Die 
            Jazzszene der britischen Hafenstadt Bristol kann wohl getrost als 
            die Keimzelle des Triphop bezeichnet werden. Dieser Musikstil entstand 
            dort zu Beginn der 90er Jahre, indem er den aus den USA kommenden 
            Hiphop, die Drums&Bass-Beats europäischer Clubs, Synthiepop, 
            einen Schuss Soul und schließlich den heimischen Jazz zu einer 
            atmosphärisch dichten Mixtur zusammen führte, angereichert 
            um LoFi-Elemente - also bewusst integrierte Geräusche analoger 
            Tonquellen. Triphop, das ist eine düstere, langsame und verstörende 
            Musik mit dumpfen Beats, seltsamen Störgeräuschen und Scratches, 
            aber auch bittersüßem Gesang, elegischem Streichorchester 
            und Bläsersätzen. 
          Vor 
            allem zwei Bands werden mit dem Triphop verbunden: Portishead und 
            Massive Attack.

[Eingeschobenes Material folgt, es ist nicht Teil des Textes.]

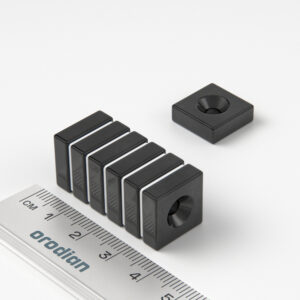 Neodýmový magnet kváder 15×15×5 mm s dierou M4 (severný pól na strane s priehlbinou) epoxy - N42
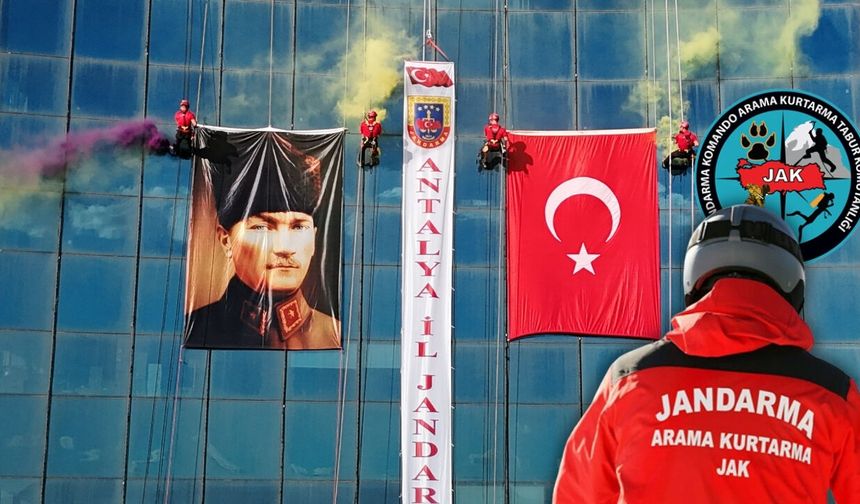 Antalya'da JAK timi 19 Mayıs'a özel 64 metrede bayrak açtı!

Beide Bands stammen aus Bristol, begannen ungefähr 
            zur selben Zeit, beeinflussten sich womöglich gegenseitig, fanden 
            jedoch schnell ihren eigenen, individuellen Stil. Beide Bands wurde 
            oft kopiert, aber nie erreicht. Erstaunlich: Portishead reichten ganze 
            zwei Studioalben, um zu einer der einflussreichsten britischen Bands 
            überhaupt zu werden. Und auch Massive Attack brachten es auch 
            nur auf vier Alben (und einen Filmsoundtrack) - in immerhin 15 Jahren 
            seit ihrem Debüt. 
          Dennoch 
            gehört auch dieses Soundtüftler-Trio, bestehend aus Andrew 
            Vowles, Robert del Naja und Grant Marshall, zu den wichtigsten Bands 
            seit Beginn elektronischer Musik. Ihren Stellenwert erkennt man heute, 
            nicht nur beim Hören ihrer ersten "Greatest Hits"-Zusammenstellung 
            "Collected", sondern praktisch jeden Tag in der Werbung, 
            auf Modeschauen, Vernissagen und in Fernsehdokumentationen: kaum jemand, 
            der zur Unterstreichung der Modernität seines Produktes auf den 
            Sound aus Bristol verzichten möchte, sei es im Original oder 
            mit Hilfe des Imitats irgendeiner anderen Band. Triphop à la 
            Massive Attack klingt nach Zukunftsmusik, vermittelt gehobenen und 
            avantgardistischen Anspruch - der Sound ist seiner Zeit um Längen 
            voraus. Und das auch jetzt noch, obwohl die wirklich großen 
            Aufnahmen der Band bereits zehn Jahre alt sind - Jahre, in denen sie 
            mit einigen der innovativsten Künstlern und Produzenten überhaupt 
            zusammen arbeiteten (u.a. Tricky, String-Arrangeur Craig Armstrong, 
            die Björk-Produzenten Nellee Hooper und Mark 'Spike' Stent u.v.a.).
          Der 
            stilbildende Charakter von Massive Attack kann nun auf dem inzwischen 
            veröffentlichten "Best-of"-Album "Collected" 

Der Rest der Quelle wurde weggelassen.